Thursday, October 25, 2007

Think Symmetrical: Change the Way You Market Broadband

As usual, the folks over at Parks Associates are on top of things when it comes to the latest trends in consumers' digital habits.

Verizon has announced a new FiOS broadband offering to their East Coast customers -- Internet service that offers 20 Mbps both up and down. The pricing is competitive to existing cable broadband offerings, but it marks the beginning of a shift in how we're going to see broadband services marketed. For years, Internet service providers have promoted fast download speeds, with little emphasis on their upload offering.

Now, based on the current trends in online gaming, unlimited online email and storage, and video and photo sharing, consumers will want fast uploads in addition to fast download speeds. It stands to reason that marketing very responsive upload capabilities could start to become a critical differentiator.

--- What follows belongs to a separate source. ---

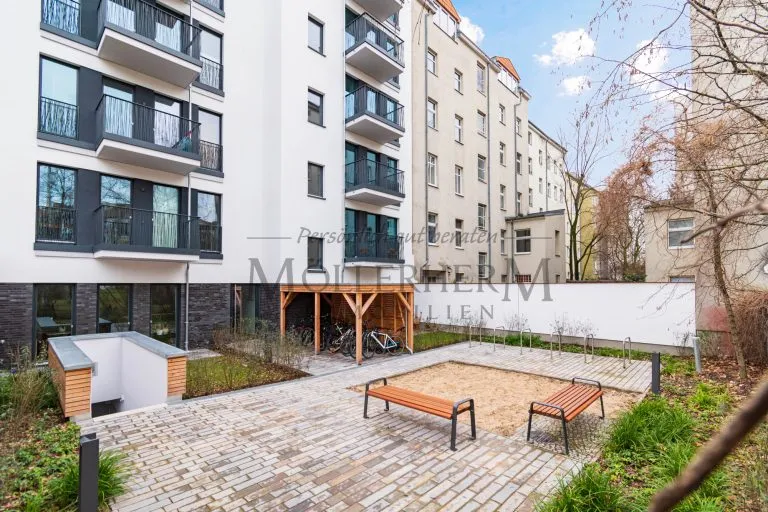 Moellerherm Immobilien - Immobilienangebot - Berlin - Alle - Moderne Neubauwohnung in Berlin-Mitte mit Einbauküche, 2 Balkonen und Blick ins Grüne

Along these lines, Parks has conducted surveys exploring consumers' digital media habits that show "the growth of the media habits that are likely to drive consumers toward a symmetrical broadband service."

Another Parks study from 2006 shows that some consumers would even pay a slight premium for a symmetrical broadband service. Of course, video gamers and "creative computing consumers" (photo and video editors) are the groups with the strongest interest in such a service. The study also found similar trends in consumers' interest in online storage - another applications that would benefit from symmetrical broadband.

As Parks' Kurt Scherf also notes, "Verizon indicates that symmetrical services are going to be applicable far beyond entertainment applications -- they view such services as remote video monitoring and digital health as also important for driving symmetrical broadband. We're keeping an eye on applications like these as well."